Some of their recollections are chilling, as one would expect. A veteran who has now retired to a peaceful valley in Montana recalls a day when a "friendly village" was accidentally bombed by U.S. forces, and how he and his comrades saw "women and kids screaming, covered with napalm" and burning to death. "We shot them," he says calmly. "Kids, and those women . . . 'cause they were dying slowly. We ended it quickly."
Any war would have such horrors. What angers the veterans is not the high-level bungling that got America embroiled in the war in the first place, but the rotten way they were treated when they arrived home, like embarrassments from some nasty youthful misadventure. One young man went into a bar in San Francisco and was told he couldn't buy a drink because he wasn't yet 21. A black veteran, who had been wounded in the course of serving his country, remembers still having to use the back door at a cafe in his home town.
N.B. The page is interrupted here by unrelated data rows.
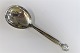 Dronning. 
Sølvbestik. 
Georg Jensen. 
Serveringsske. 
Sterling (925). 
Længde 20,5 cm.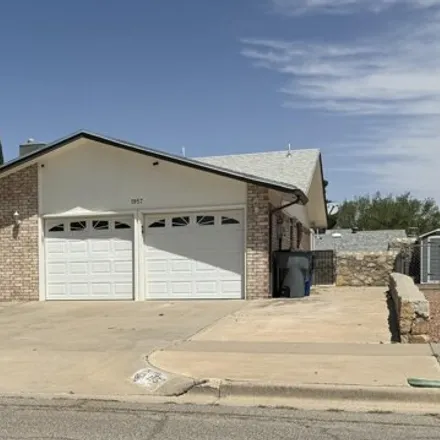 Image 2 - 1963 Ratner Circle, El Paso, TX 79936, USA - House for sale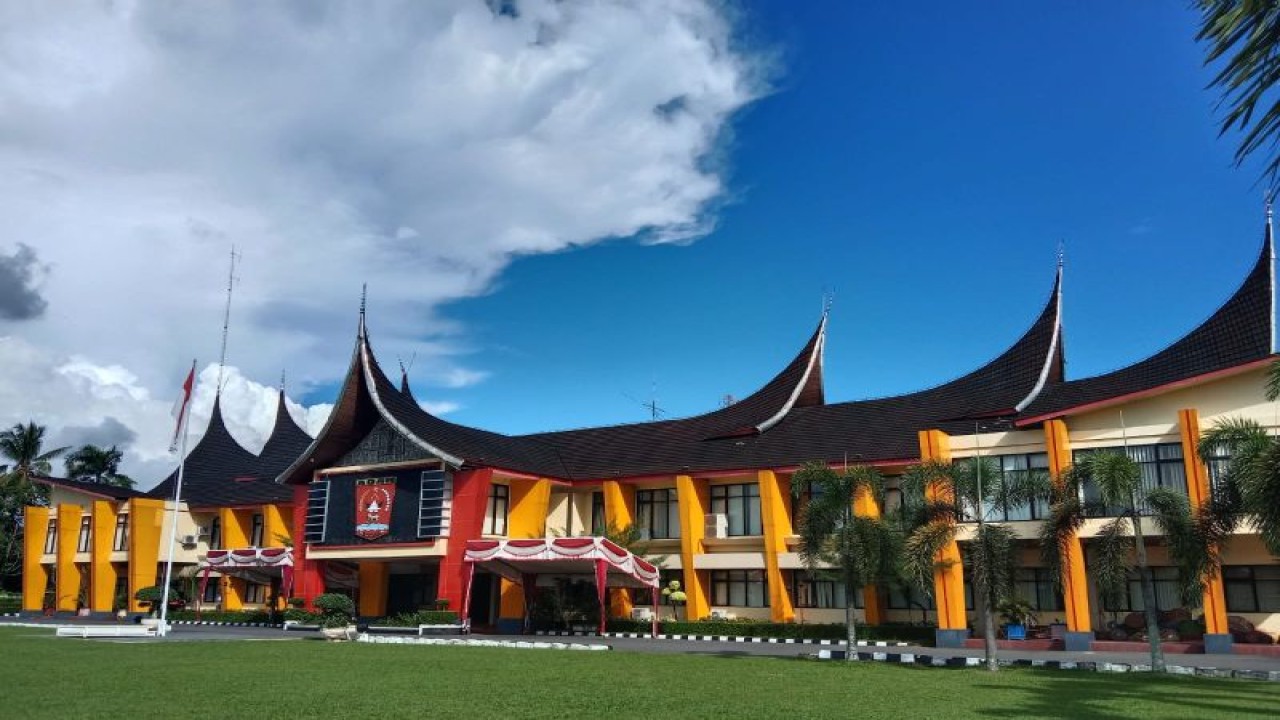 Kantor Bupati Agam. Tahun ini alokasi dana desa di daerah itu meningkat dari Rp86,65 miliar pada 2023 menjadi Rp94,15 miliar pada 2024. (ANTARA/Altas Maulana).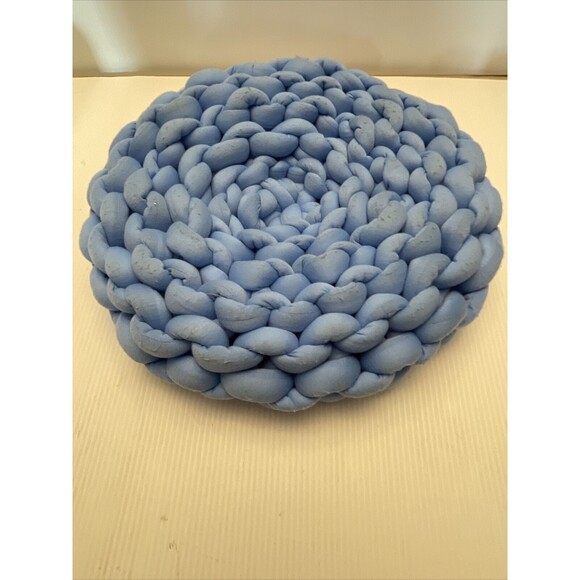 Nordstrom Dog Bed Small Woven Blue - Picture 5 of 5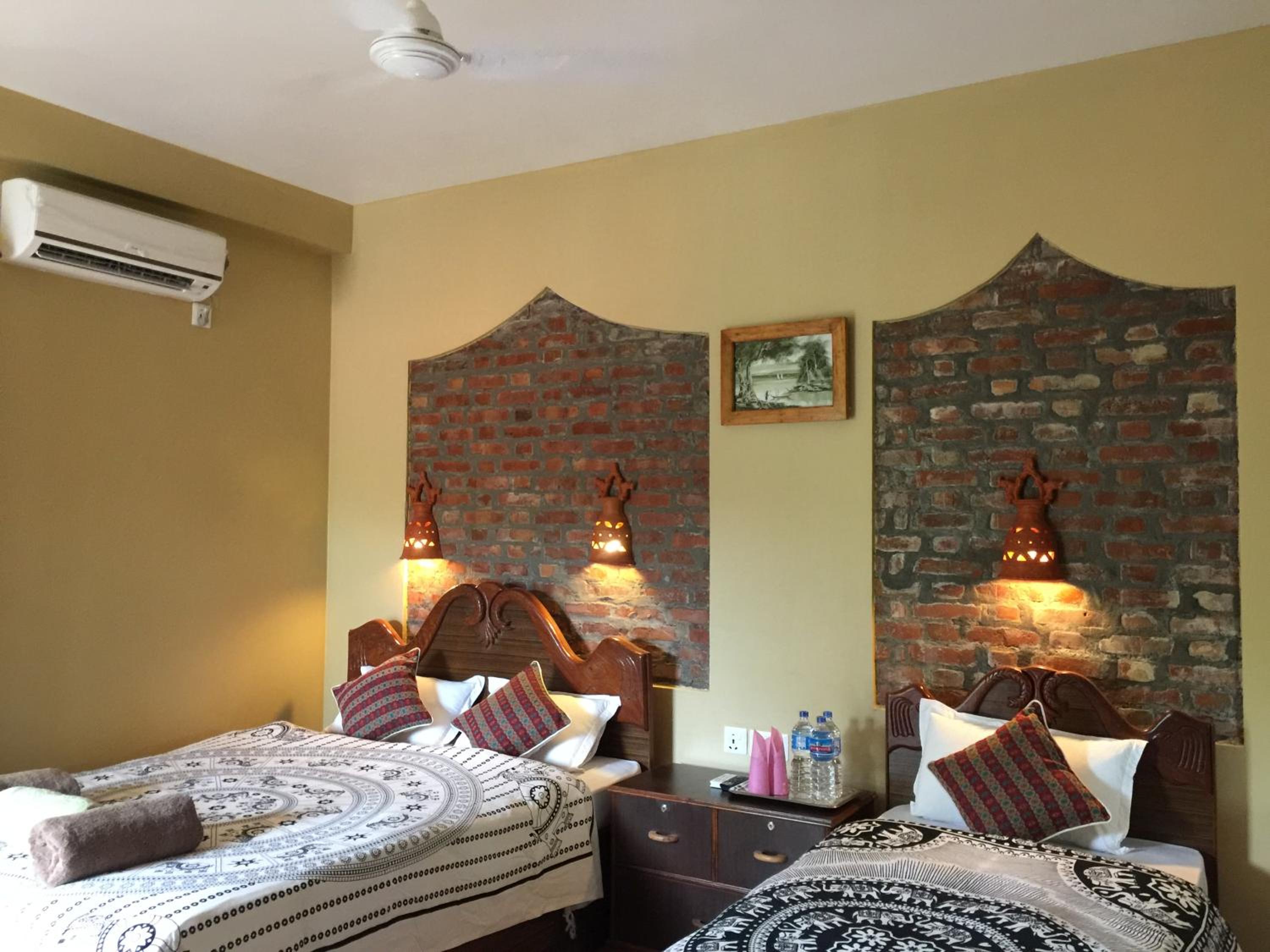 Deluxe Triple Room photo 2
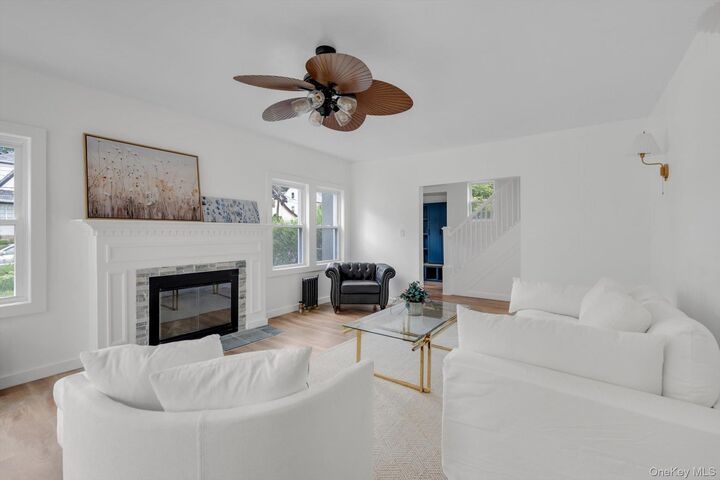 Property Photo:  42 Stratford Road  NY 10583 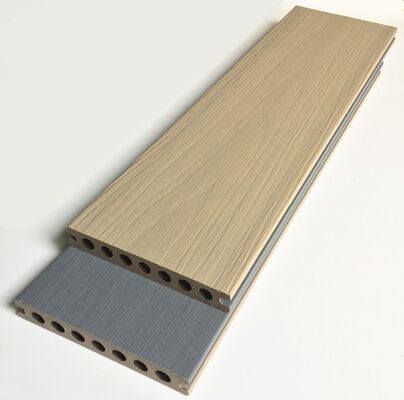 Amostra grátis antiderrapante à prova d'água resistente a UV cor de teca 140 * 23mm Pisos de deck composto de coextrusão externa Wpc Decking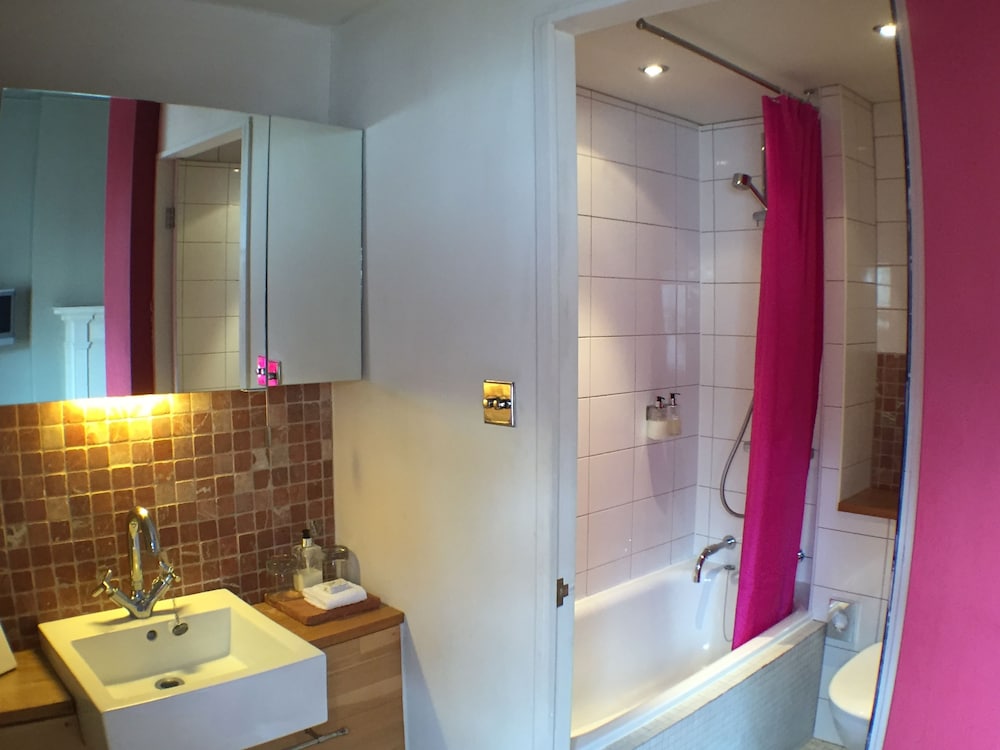 Manorhaus Ruthin by null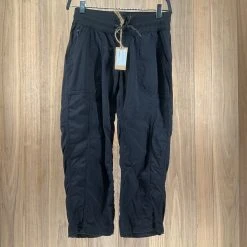 The North Face Women's 3/4 Length Active Pants Outerwear And Clothing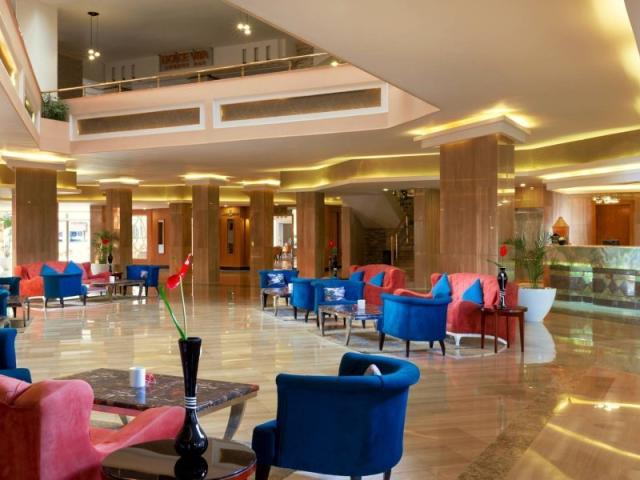 Beach Albatros Resort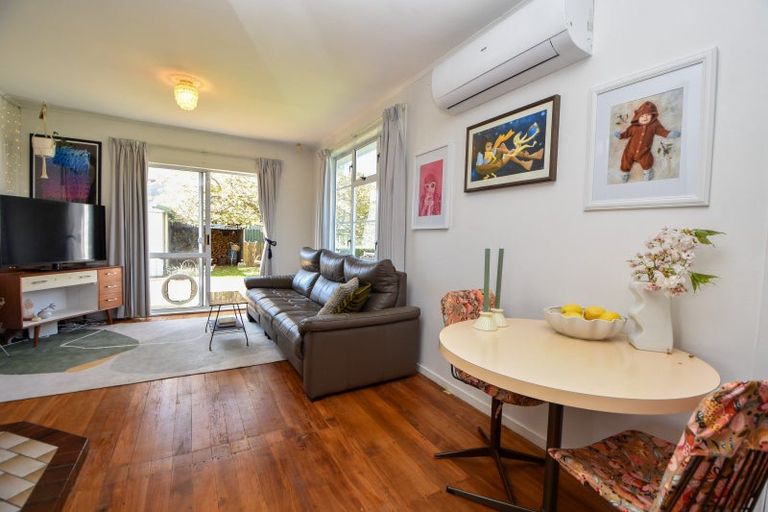 Photo of property in 33 Wyndham Street, Carterton, 5713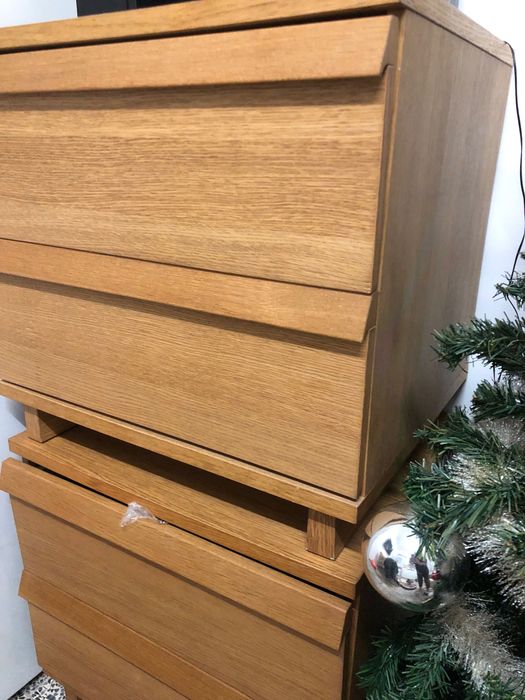 Vendo 2 Mesas de cabeceira madeira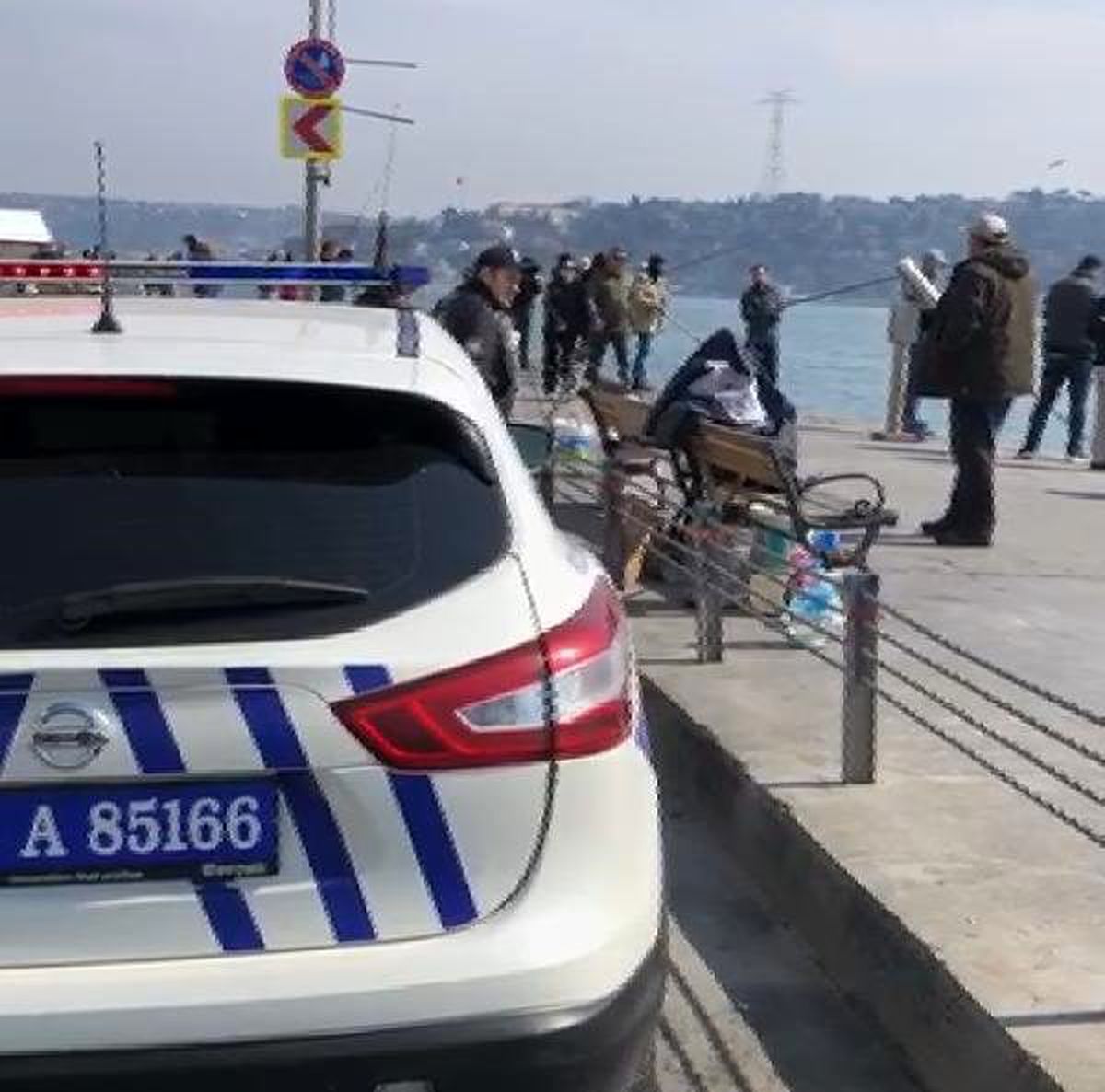 Polis ekiplerinden evde kalmayanlara uyarı anonsları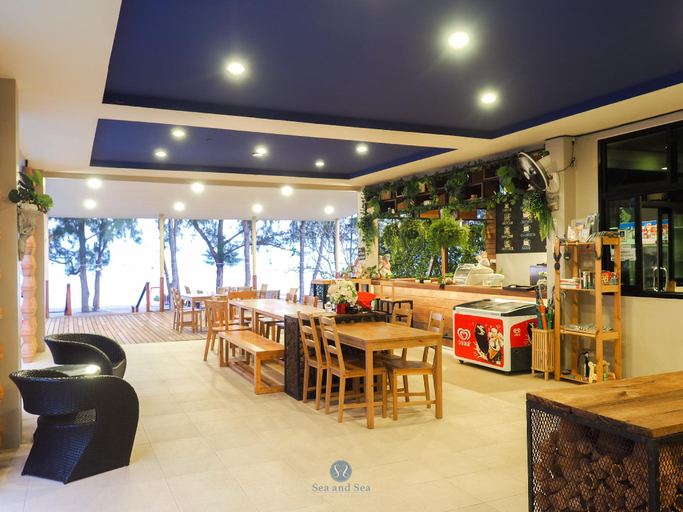 Food & Drinks, Sea & Sea Villa Resort Sangaroon, Thap Sakae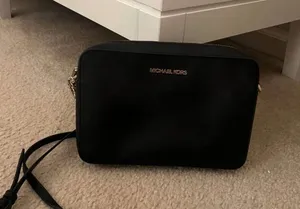 Michael Kors Purse thumbnail 1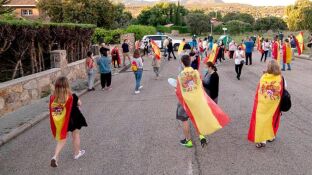 Ciudadanos protestando frente a la casa de Pablo Iglesias e Irene Montero en Galapagar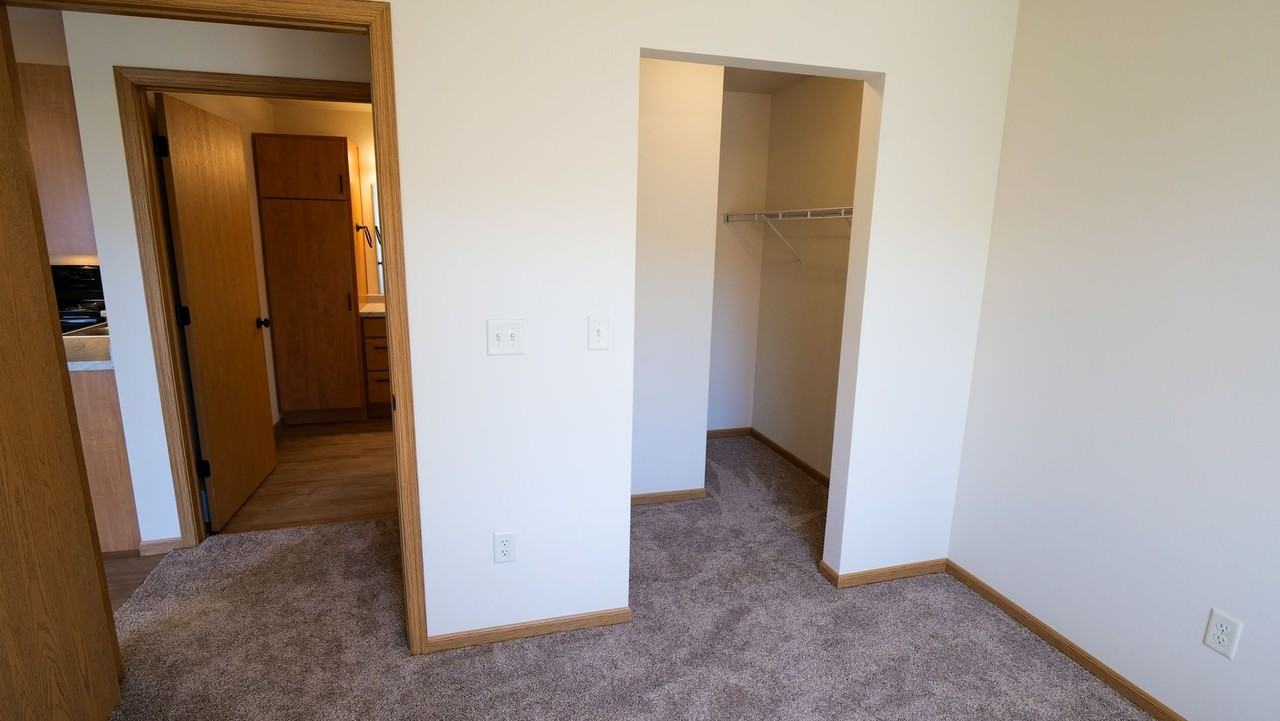 South Ridge Apartments - Photo 3 of 9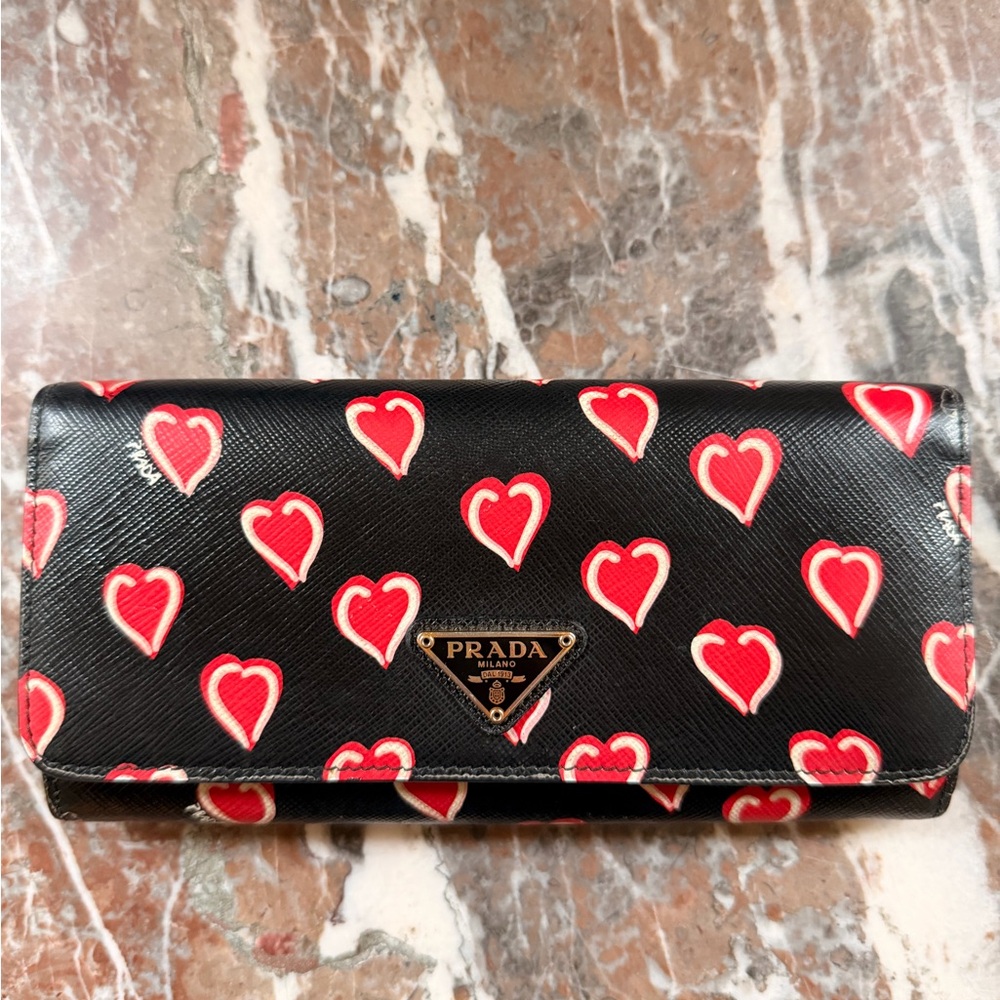 *Rare* Prada Heart Saffiano Leather Continental Wallet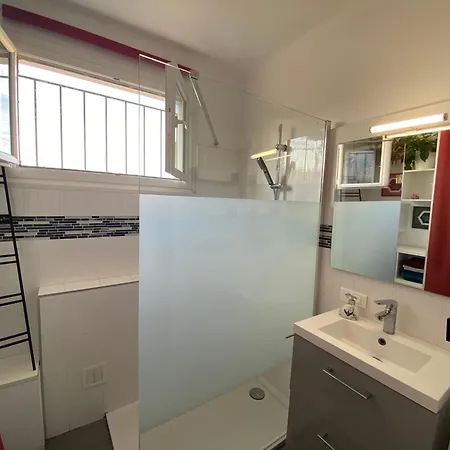 Le Lola Charment T3 A 10 Minutes A Pied De La Plage. Apartment *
And another vet remembers going to a basketball game, in uniform, with his girlfriend. "We sat down, and people moved away." They left before the game was over, and he stopped wearing his uniform in public.
Moyers asks the men what they thought of the antiwar protesters back home, but he does not ask them, in this report, what they thought of such ill-advised (to be charitable about it) commanders-in-chief as Lyndon B. Johnson, once Moyers' boss; it does seem relevant. When he delivers solemn annotations to the camera, Moyers almost oozes sensitivity -- he's getting to be a tad heavy on the heart -- and he continues to wear his down-home accent like a badge of honor. But he still comes across as a beacon of cool-headed integrity, and he isn't bombastic like so many of his colleagues.
"Bittersweet Memories" was produced by Howard Stringer, Andrew Lack and Bill Wilson; Stringer has just been named the new executive producer of the "CBS Evening News," and Lack replaces him at the head of the CBS Reports unit, which under Stringer compiled an enviable, even magnificent, record of broadcast accomplishments. This powerful, troubling, conscientious hour with Vietnam veterans makes that record more enviable still.